Uno de los placeres de leer la crónica deportiva olímpica es abrir las páginas de los periódicos y encontrar las glosas de los grandes columnistas como Carlos Arribas (El País), con la hipérbole y el texto trabado, el directo Ian O’Riordan del Irish Times o quien quiera que sea ahora el exponente de la gloria en el muy machista gremio de los grandes corresponsales deportivos franceses, donde hicieron fortuna y nombre Felix Levitan o Henri Desgranges. Y no me estoy inventando nada; rastreen las declaraciones de la presentadora francesa Marie Portolano al hilo de las historias de abuso de poder y humillación del intocable Pierre Ménès. Y resístanse a reenviárselo a sus amigas periodistas.

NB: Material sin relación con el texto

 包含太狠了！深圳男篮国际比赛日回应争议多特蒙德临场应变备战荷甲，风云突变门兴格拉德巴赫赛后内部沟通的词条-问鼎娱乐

Leer bellas líneas, volviendo a la idea inicial. Esa es una de las razones por las que uno se tira esperando cuatro años entre grandes eventos en la mayoría de los casos. Es una larga travesía del desierto que cubre las largas Olimpiadas, que no son el evento sino la tregua temporal entre ellos. Meses de tedio y de rutina de ligas menores, de prensa fotocopiando clichés hasta que se acerca el gran periodo deportivo. Donde todos meten músculo. Dinero no pero, al menos, músculo al teclado y el micrófono. Y ahí destacan los talentos.

Vayámonos a 1908. Primeros Juegos que acoge Londres (y lleva tres). Sir Arthur Conan Doyle no hacía trabajo periodístico pero esta vez hizo una excepción. Para que se le quitaran los miedos, fue el mismo Alfred Harmsworth, Lord Norcliffe, quien le puso una cifra. Al novelista escocés le pagarían una buena soldada por ser el cronista de la mayor parte de los Juegos Olímpicos.

Norcliffe, que por aquellos días era el magnate inglés por antonomasia de los periódicos y de la publicación en general, dueño absoluto del Daily Mail y del Daily Mirror e inversor de un Times en la bancarrota. Además se había empeñado en desarrollar la prensa de cara a sus nuevos clientes, las clases populares, y que ya era una opinión respetada a todos los niveles en los años previos a la Primera Guerra Mundial. De tal modo que el gerifalte del olimpismo británico de esos días, William Grenfell, Lord Desborough, quiso tenerle de su lado y le ofreció patrocinar los Juegos de la capital británica. Que no fuera por dinero, pensaron por Fleet Street y en Piccadilly.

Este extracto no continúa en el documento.